Monday, January 5, 2009

Live-Blogging Jill Abramson: "The Times Was Prescient About Key Elements Of The Crisis Years Ago."

The second questioner in Jill Abramson's "Talk To The Newsroom" wants to know whether newspapers plan to commit more money to investigative journalism, now that it turns out they all missed the biggest story of our lifetime.

"Following the enormous miss on the Judith Miller weapons of mass destruction reporting, and the overall deafness of all major papers to the financial crises we are now in," asks Rebecca Katechis, "what specific steps were/will be taken in the newsroom to improve the verification of information and the scope of reporting?"

Good question, but Abramson isn't going to concede the point.

"I commend to you our ongoing series, The Reckoning, which is a splendid example of accountability journalism," Abramson says, right off the bat. She then concedes that as an investigative reporter herself, "I'll confess that a frustration of mine has always been that so much investigative journalism involves a dissection of events in the past."

But while Abramson acknowledges that "The Reckoning" is explaining past events, she says the paper's goal is to offer "an ongoing investigation of what went wrong and who is accountable and to do this journalism in real time," whatever that means.

And as for the present:

"We are tracking the way the bailout money is being spent and have a full-time reporter in Washington, one of our best investigative reporters, assigned to cover this subject as a beat. Our banking reporters are also on the case."

The banking reporters are on the case! We feel better already.

Again, Abramson can't resist a dig at the competition in defending the Times -- even on a story that the media, including the Times, mostly missed:

While some in the media may not have seen it coming, The Times was prescient about key elements of the crisis years ago.

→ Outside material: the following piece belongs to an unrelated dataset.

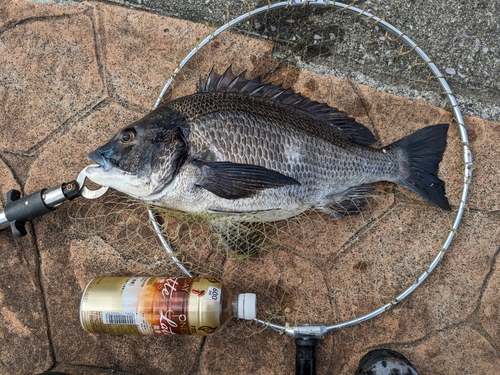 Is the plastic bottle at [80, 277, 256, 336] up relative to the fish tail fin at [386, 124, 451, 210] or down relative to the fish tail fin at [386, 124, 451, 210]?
down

Gretchen Morgenson, among others, was writing about the dangers of many of the more exotic financial instruments long before housing prices began to plummet.

It is true that Morgenson wrote a prescient story less than two years ago, "Mortgages May Be Messier Than You Think," in which she ominously declared that "trains wrecks are train wrecks, even when they occur at a crawl." But even Morgenson's business-section colleague, David Carr, gave primary credit in a widely-noted column this fall to NPR producer Alex Blumberg for being the first to question the folly of banks' freewheeling mortgage-lending policies.

But that won't keep Abramson from bragging about her business-reporting staff. "There aren't that many investigative journalists with real business acumen," she says, "and The Times is lucky to have a solid group of these reporters."

Take that, Rupert!

1 comment:

Anonymous said...

Two years ago? Try reading Stephen Holmes's piece from almost 10 years ago!


In moving, even tentatively, into this new area of lending, Fannie Mae is taking on significantly more risk, which may not pose any difficulties during flush economic times. But the government-subsidized corporation may run into trouble in an economic downturn, prompting a government rescue similar to that of the savings and loan industry in the 1980's.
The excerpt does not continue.